Only about 26 of the 76 endangered whales were breeding at the time. Reducing the effective size of the population increased the potential for inbreeding and compromised individual survival — reduced survival that has contributed to a lack of consistent growth, including a decline from a peak of nearly 100 whales in the mid-1990s to 73 at the time of the study.
Using models based on the average environmental conditions of recent decades, the team found that when all whales were assigned the survival probability of the least-inbred animals, the population increased; when the population's actual, inbreeding-affected survival odds were applied, it declined. Ward cautioned against over-attribution: “It would be a mistake to see this as inbreeding alone causing the decline.” He noted the population has faced multiple stressors over 50 years whose relative impact has shifted over time, and that the mating system — with only a few males contributing to the gene pool — may have made inbreeding a more significant threat in recent years.
Southern Resident Connections
Southern Resident killer whales are icons of a vibrant but struggling marine ecosystem that matters to us all. NOAA Fisheries' series explores the ecological connections that tie this system together and the work underway to protect and recover the whales.
More Information
- Kardos et al. 2023 — Inbreeding depression explains killer whale population dynamics (Nature Ecology & Evolution)
- Saving the Southern Residents (story map)
- Southern Resident Connections
- Inbreeding and Inbreeding Depression in Southern Resident Killer Whales
- Southern Resident Killer Whale Research in the Pacific Northwest
- Killer Whale Genetics Raise Inbreeding Questions (earlier feature)
Primary source citation: Kardos, M., Zhang, Y., Parsons, K.M., Yunga A, Kang, H., Xu, X., Liu, X., Matkin, C.O., Zhang, P., Ward, E.J., Hanson, M.B., Emmons, C., Ford, M.J., Fan, G., & Li, S. (2023). Inbreeding depression explains killer whale population dynamics. Nature Ecology & Evolution, 7(5), 675–686. DOI: 10.1038/s41559-023-01995-0. PMID: 36941343.

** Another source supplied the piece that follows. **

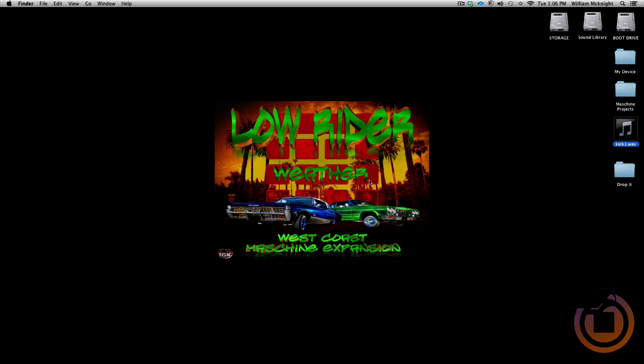This is William McKnight, One Good Knob Sound Design from TheMachineWarehouse.com with a tutorial for Machinemasters.com.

Klamath Irrigation District — Assessment
What this source establishes, and how KID reads it
The points below distinguish what NOAA reports from KID's own inferences, which are labeled as inferences.
What NOAA and the peer-reviewed study report (observed / modeled)
| Point | Basis |
|---|---|
| Inbreeding depression strongly limits Southern Resident survival and population growth. | Modeled and genomic — Kardos et al. 2023. |
| Highly inbred females average 1.6 lifetime offspring vs. 2.6 for the least inbred; at least 2 are needed for stability. | Observed / demographic estimate. |
| The whales breed only within their own closed population, and two males fathered more than half of sampled calves since 1990. | Observed (genetic parentage). |
| Captive breeding or introducing outside animals is unlikely to help, because the whales will not outbreed. | Stated conclusion, NOAA / study. |
| Models grow the population under least-inbred survival, but decline it under actual survival odds. | Modeled projection. |
KID's inference (labeled as inference)
KID infers that these findings identify a substantial, intrinsic constraint on Southern Resident recovery — reduced survival driven by the population's genetics and closed mating system — that is independent of, and not remedied by, changes in prey availability alone. In KID's view, this bears directly on claims that link Klamath Basin flow or salmon-prey measures to Southern Resident recovery: a recovery ceiling set by inbreeding depression and a closed gene pool would not be lifted by prey-directed actions, however those actions are otherwise justified. KID presents this as an inference drawn from the cited record, not as a claim made by NOAA.